Interplay of IKK/NF-kappaB signaling in macrophages and myofibers promotes muscle degeneration in Duchenne muscular dystrophy

Abstract

Duchenne muscular dystrophy (DMD) is a lethal X-linked disorder associated with dystrophin deficiency that results in chronic inflammation and severe skeletal muscle degeneration. In DMD mouse models and patients, we find that IkappaB kinase/NF-kappaB (IKK/NF-kappaB) signaling is persistently elevated in immune cells and regenerative muscle fibers. Ablation of 1 allele of the p65 subunit of NF-kappaB was sufficient to improve pathology in mdx mice, a model of DMD. In addition, conditional deletion of IKKbeta in mdx mice elucidated that NF-kappaB functions in activated macrophages to promote inflammation and muscle necrosis and in skeletal muscle fibers to limit regeneration through the inhibition of muscle progenitor cells. Furthermore, specific pharmacological inhibition of IKK resulted in improved pathology and muscle function in mdx mice. Collectively, these results underscore the critical role of NF-kappaB in the progression of muscular dystrophy and suggest the IKK/NF-kappaB signaling pathway as a potential therapeutic target for DMD.

Figures

Figure 1. NF-κB activity in dystrophic muscle is localized to both muscle and immune cells.

(A–C) Muscle nuclear extracts from 5-week-old WT C57BL/10 and 3- and 5-week-old mdx mice (A), 5-week-old WT and mdx mice (B), or 7-week-old WT, mdx, and DKO mice (C) were used in EMSA for NF-κB and Oct-1. Supershift assays were performed on mdx muscle extracts using antibodies against p65 and p50. Arrowheads denote shifted subunits. (D) IKK assays performed with IκBα WT and mutant (double serine to threonine [SS/TT]) or p65 WT and mutant (serine to alanine [S/A]) substrates using gastrocnemius muscle lysates from 7-week-old WT or mdx mice. Immunoprecipitates were probed for IKKγ as a loading control. Western blots are shown for p-IKK, p-IκBα, IκBα, p-p65, and p65. GST, glutathione-S-transferase. (E) Gastrocnemius muscles from 7-week-old WT or mdx mice were immunostained for p-p65. Scale bars: 50 μm. Black arrowheads denote immune cells, and blue arrowheads indicate regenerating fibers. (F) Muscles from either 4- or 7-week-old mdx mice were double stained with p-p65 (green) and CD68 (red) or p-p65 and E-MyHC (red), respectively. Scale bars: 20 μm. (G) H&E staining and p-p65 immunohistochemistry were performed on muscle biopsies from healthy controls and age-matched DMD patients (n = 4). Scale bar: 50 μm.
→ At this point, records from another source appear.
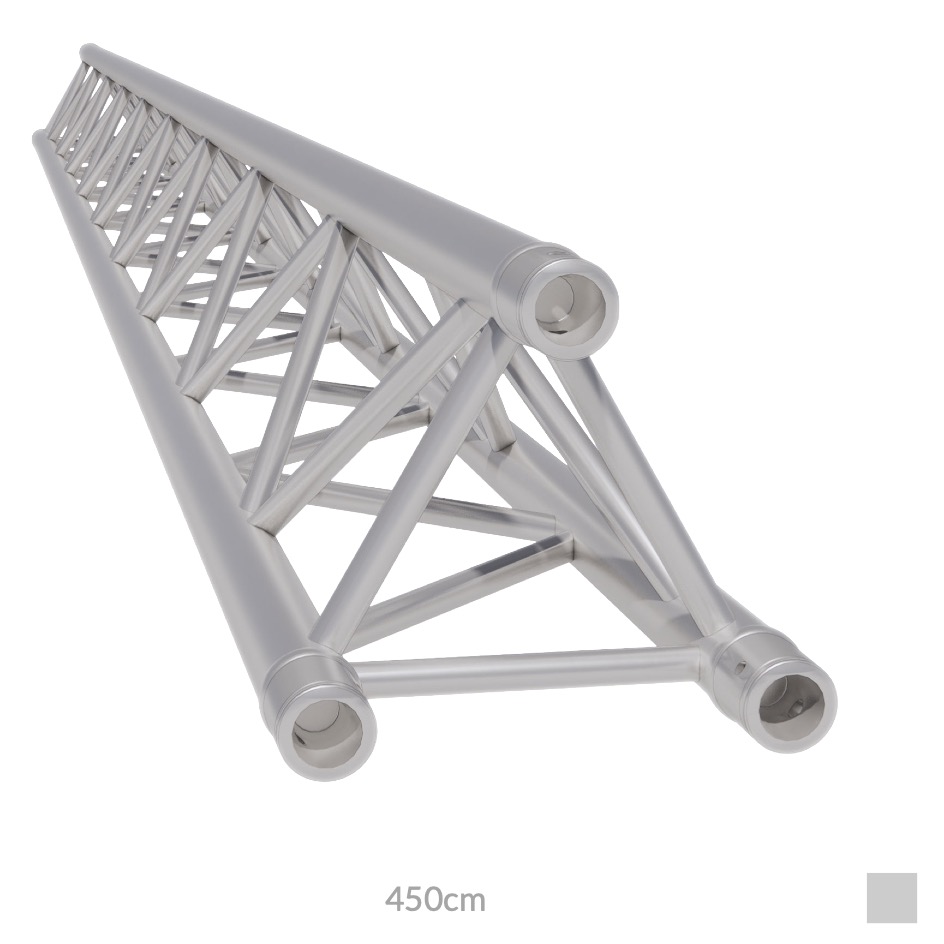 HOF HOFKON 290-3, Aluminium bruux, 450cm
Prix indicatif. Veuillez demander une offre.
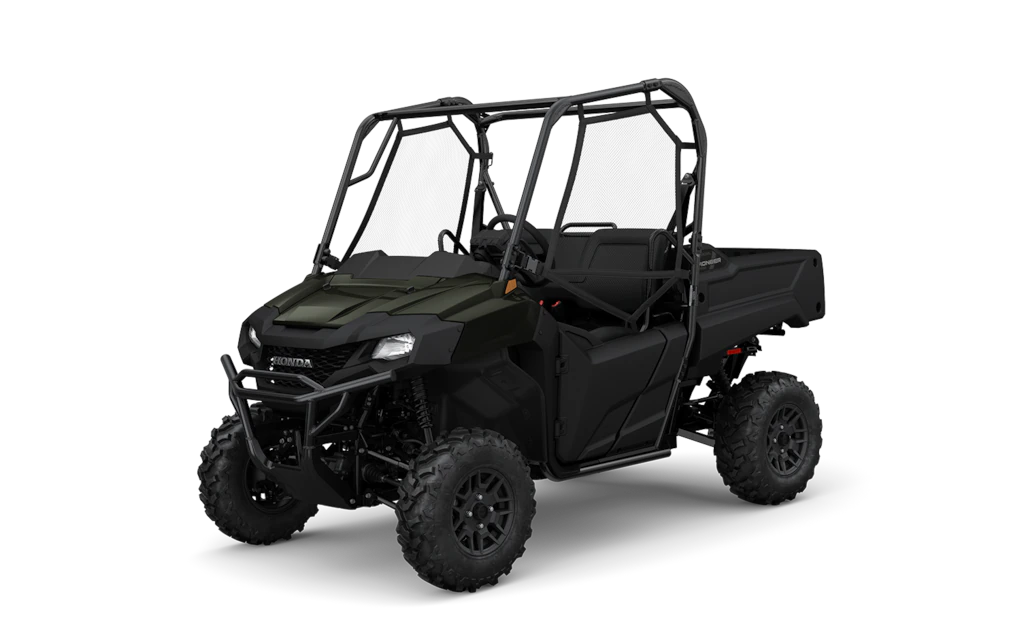 Honda - $1,000.00 Bonus Bucks on 2026 Pioneer 700 Deluxe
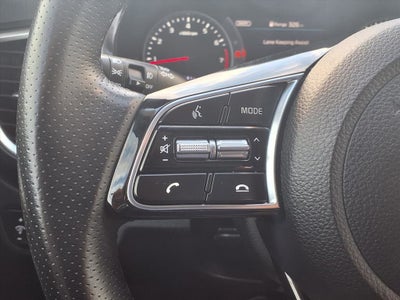 2023 Kia Seltos SX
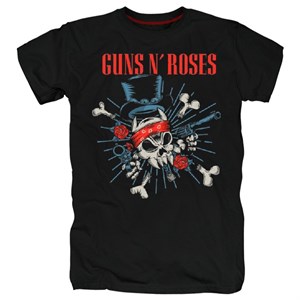 Футболка Guns n roses #58 gunsroses58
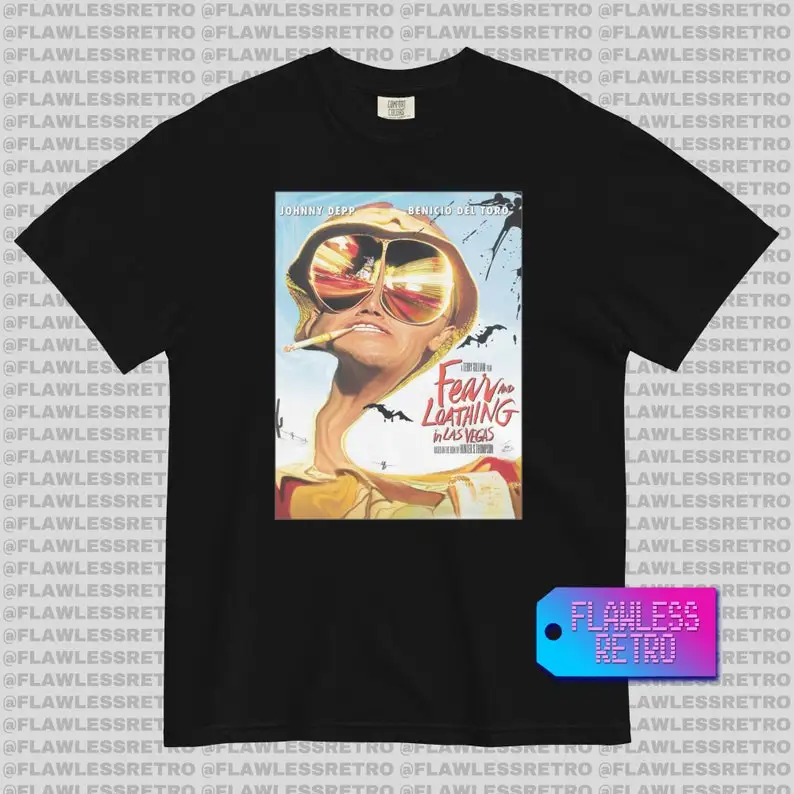 FEAR & LOATHING Movie Tee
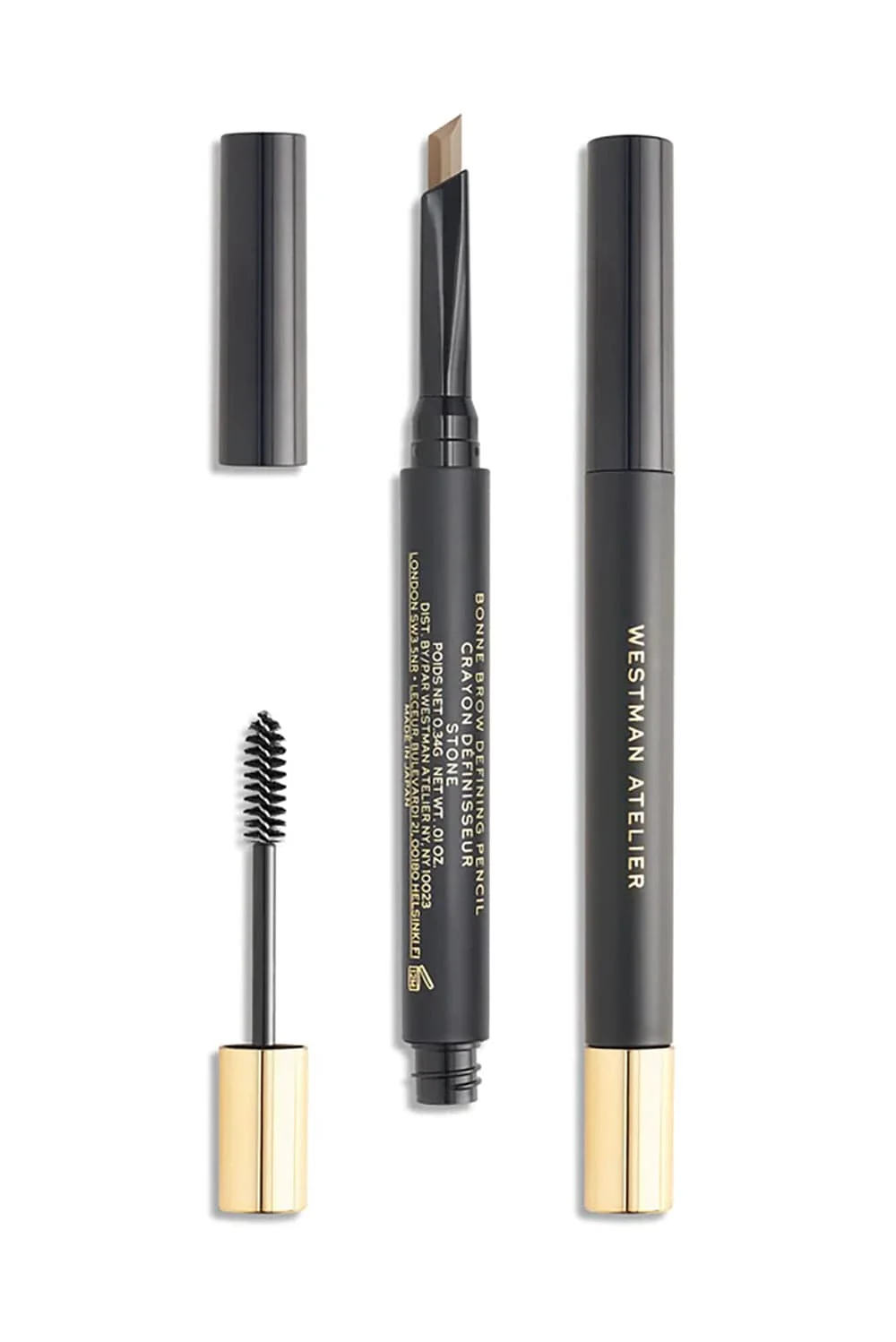 Bonne Brow Defining Pencil - Stone - 1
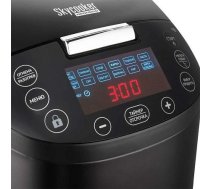 REDMOND M800S 5 L 900 W Black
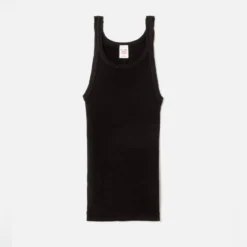 RE/DONE -Débardeur Tank - Noir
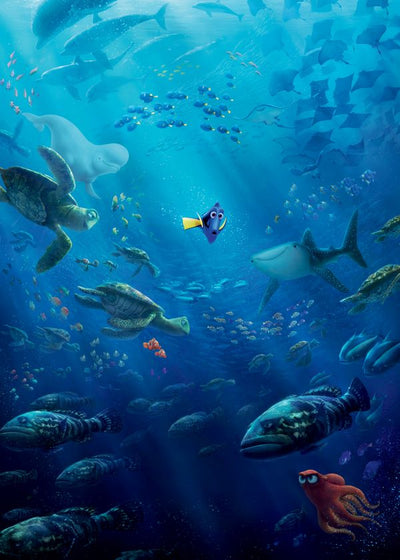 Finding Dory i ribice Default Title
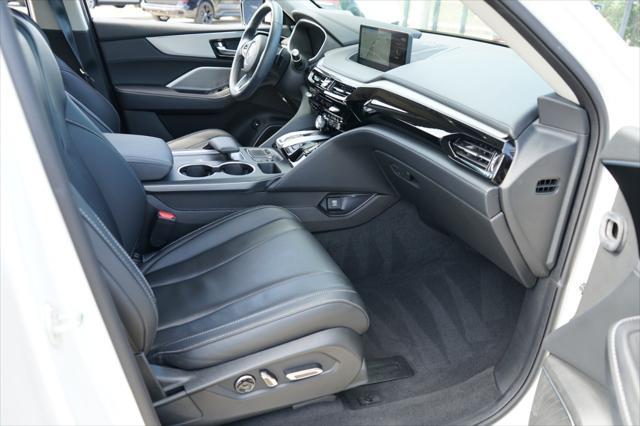 used 2023 Acura MDX car, priced at $42,400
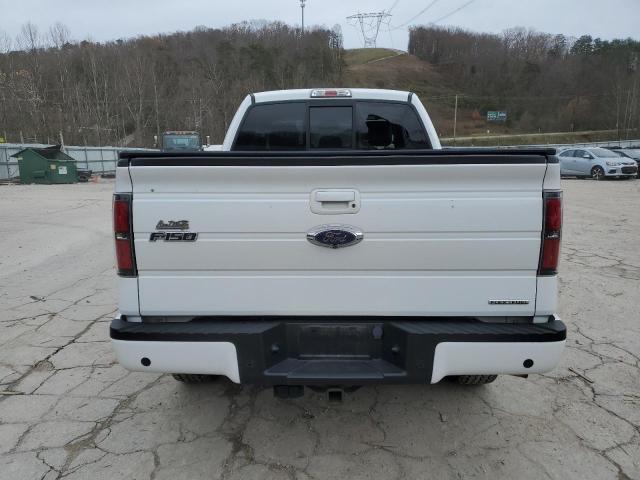 Photo 6 from auction – 2013 FORD F150 SUPER with VIN 1FTFX1EF5DKG53846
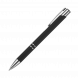 Шариковая ручка Alpha, черная 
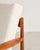 Three-Seater Sofa Model 118 in Teak with Bouclé Upholstery by Grete Jalk for France & Søn, Denmark, 1950s For Sale - Image 18 of 18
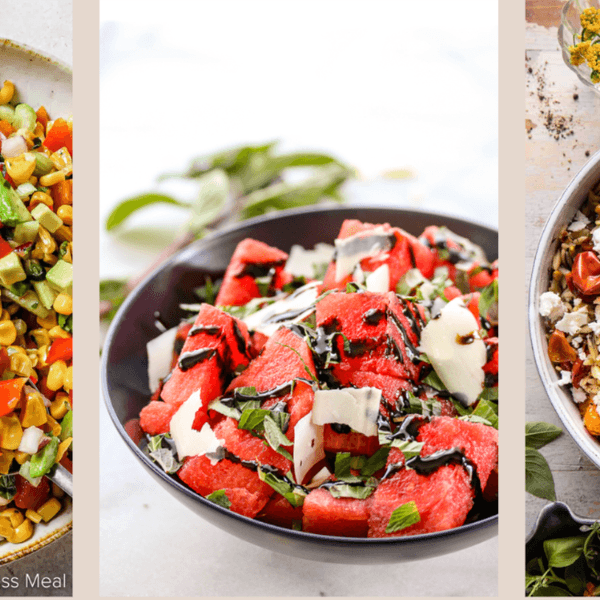 20 Easy Lettuce-Free Salad Recipes For Your Next Summer BBQ
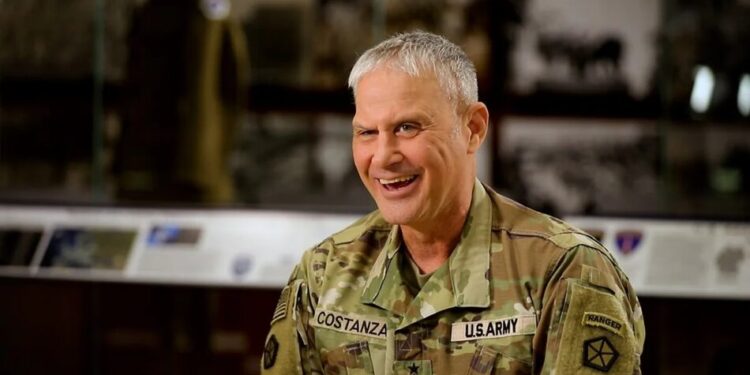 Армія США усунула командувача залученого у координації підтримки Україні корпусу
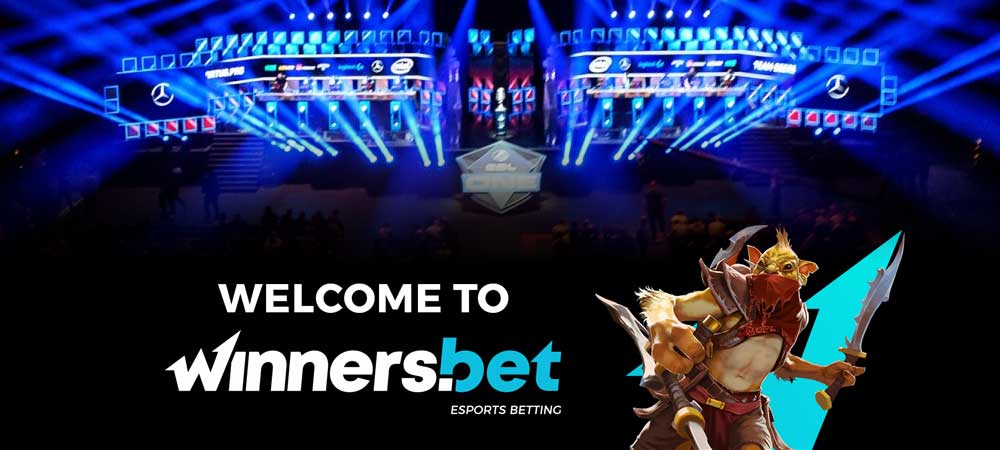 Winners.bet To Launch Full Scale Sportsbook Beyond Esports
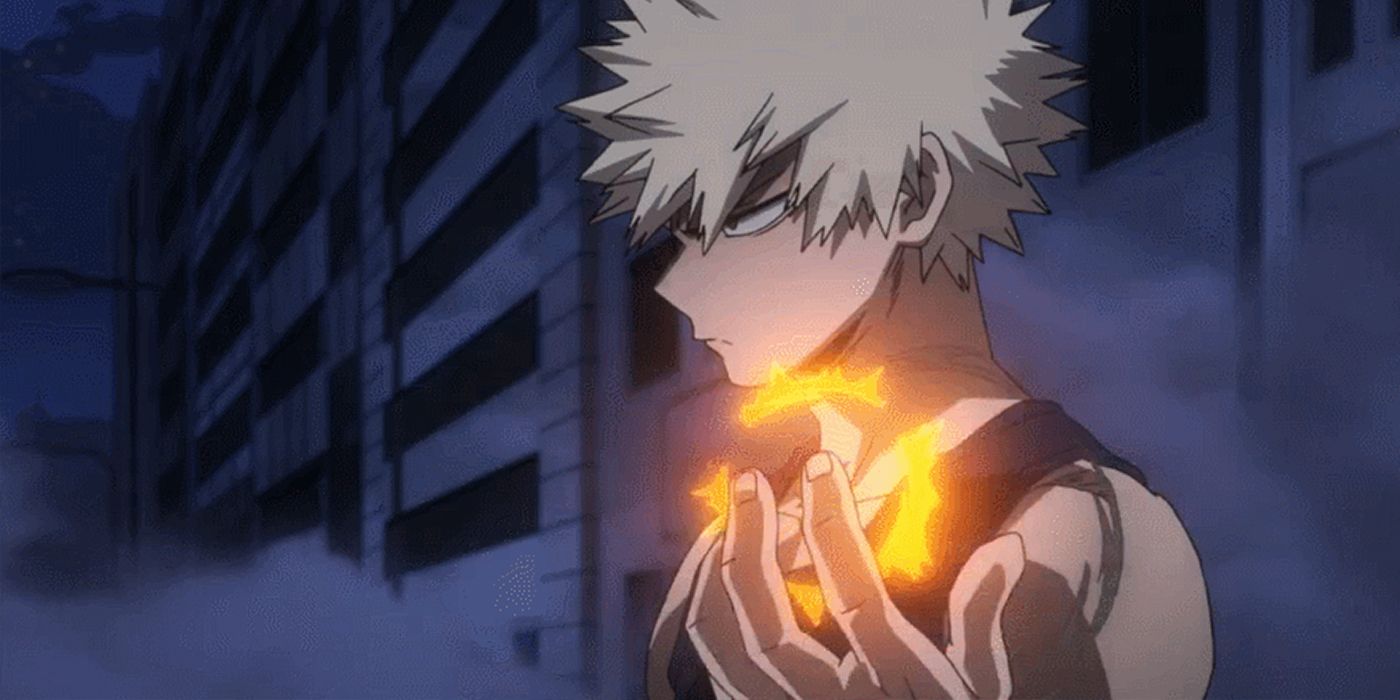 My Hero Academia 10 Things About Bakugo's Quirk That Make No Sense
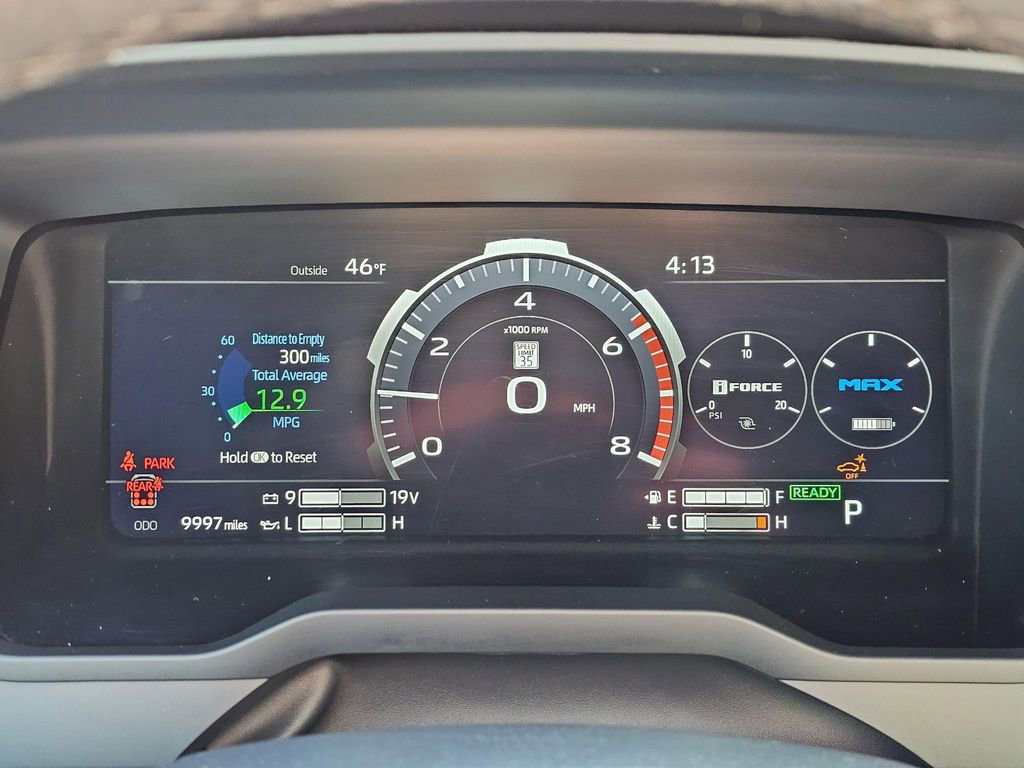 Used 2025 Toyota Sequoia Limited AWD/4WD image 31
Figure 2. NF-κB activity is deregulated during postnatal development of mdx mice.

(A) Muscle extracts from 5-week-old WT;3xκB-Luc-Tg or mdx;3xκB-Luc-Tg mice were prepared for luciferase assays. Luciferase values were normalized to total protein. *P < 0.05; n = 5. (B) Gastrocnemius muscles were immunostained for luciferase expression in 7-week-old WT;3xκB-Luc-Tg and mdx;3xκB-Luc-Tg mice (n = 3). Scale bar: 50 μm. (C) EMSAs for NF-κB and Oct-1 performed in gastrocnemius muscles from WT and mdx mice during postnatal development. (D) Primary myoblasts isolated from 6-day-old WT;3xκ-Luc-Tg and mdx;3xκB-Luc-Tg mice were differentiated and subsequently switched to either medium alone or medium containing TNF-α (5 ng/ml) for 6 hours.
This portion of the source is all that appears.